So far, the tax code has been a major talking point in the 2016 presidential race, and for good reason. Taxes are both the biggest destroyers and creators of wealth. Rare is the American citizen who does not want more wealth, so many are looking to change the tax code in favor of a flat tax, allowing everyone to pay the same flat percentage rate. While this change may seem simple at first glance, the tax code is long and complex, and changing it as drastically as a flat tax would lead to unintended and severe consequences.
Talking about simplifying the tax code, as many presidential candidates are currently doing, is like talking about simplifying the human body. The human body is the most complicated organism on earth. While maintaining the health of the human body is often as simple as eating right, exercising and reducing stress, the reason health is simple to maintain is because the body itself is so complicated. The same principle applies to the tax code. While it is long and complex, the complexity makes for a stable and relatively easy economy to maintain.

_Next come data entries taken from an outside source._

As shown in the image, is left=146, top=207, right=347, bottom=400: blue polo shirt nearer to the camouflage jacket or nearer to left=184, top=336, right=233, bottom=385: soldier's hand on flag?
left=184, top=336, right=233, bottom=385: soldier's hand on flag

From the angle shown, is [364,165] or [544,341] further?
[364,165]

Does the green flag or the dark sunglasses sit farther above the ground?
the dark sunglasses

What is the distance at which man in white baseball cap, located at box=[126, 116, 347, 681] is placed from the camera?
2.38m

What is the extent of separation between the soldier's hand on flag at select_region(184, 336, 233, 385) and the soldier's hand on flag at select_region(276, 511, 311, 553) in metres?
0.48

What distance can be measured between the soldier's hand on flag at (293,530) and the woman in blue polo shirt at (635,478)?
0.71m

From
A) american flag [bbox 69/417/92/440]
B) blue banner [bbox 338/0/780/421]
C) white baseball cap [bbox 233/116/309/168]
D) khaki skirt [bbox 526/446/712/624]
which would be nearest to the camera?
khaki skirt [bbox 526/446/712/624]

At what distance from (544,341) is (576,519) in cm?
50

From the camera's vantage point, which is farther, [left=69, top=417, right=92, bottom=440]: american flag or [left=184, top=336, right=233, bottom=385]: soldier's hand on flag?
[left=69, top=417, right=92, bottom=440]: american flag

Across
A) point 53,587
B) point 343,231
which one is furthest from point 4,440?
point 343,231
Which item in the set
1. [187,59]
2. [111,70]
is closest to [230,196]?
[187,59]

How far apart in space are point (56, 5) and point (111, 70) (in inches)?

The tax code is essentially a guide that teaches you how to not pay taxes.
This guide incentivizes you to put money in certain places, like charity, oil and gas, or low income housing, so you do not have to pay taxes on them. We all hate paying taxes, and government officials know that, so they use tax incentives to motivate the American public to put their money in certain places. With the tax code as it is now, the economy is directed by the code’s provisions or incentives. Whether you realize it or not, what you do with your money can be drastically impacted by the amount of taxes that you pay. Implementing a flat tax would remove the motivation to put money in certain industries, leading to the likely demise of those industries.
A good example of how changing a tax policy can drastically affect the economy is the Savings and Loan Crisis from the 1980s. Investors were given tax benefits for investing in real estate. These investors would make a five-year funding commitment. However, when their tax benefit was eliminated in 1986, many investors stopped their funding. As a result, projects collapsed and the economy spun out of control. This was the result of one change in the tax code. Imagine the results of changing the entire code.

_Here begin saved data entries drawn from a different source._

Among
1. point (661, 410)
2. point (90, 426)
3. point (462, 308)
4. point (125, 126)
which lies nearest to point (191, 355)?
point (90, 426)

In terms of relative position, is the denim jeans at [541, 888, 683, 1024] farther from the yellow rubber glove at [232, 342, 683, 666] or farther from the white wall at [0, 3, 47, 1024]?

What many politicians fail to recognize, or at least acknowledge, is that if they change the tax laws, they will have to change the economic ecosystem. Currently, many people go into business, at least in part, for the tax breaks. If those tax breaks are eliminated with a flat tax, who will go into business? How will the economy function if there are no employers, only employees?
A flat tax would create an estimated ten to fifteen-year disruption before the economy could settle into a new ecosystem. It would likely be a difficult and uncomfortable decade as the economy shifts, and it is important to consider how that shift will impact various industries. If no one is incentivized to invest in low-income housing, will there be any low-income housing? If not, what will happen to those Americans living below the poverty line, and what affect will an increased number of homeless citizens have on the overall economy?
Instead of drastically, and perhaps recklessly, rewriting the tax code, the most effective way to improve tax rates is to change your own economy. Our American economy is an aggregation of everyone’s personal economy. If you want to change the outcome of your economy, and the American economy as a whole, find a tax advisor and follow their advice.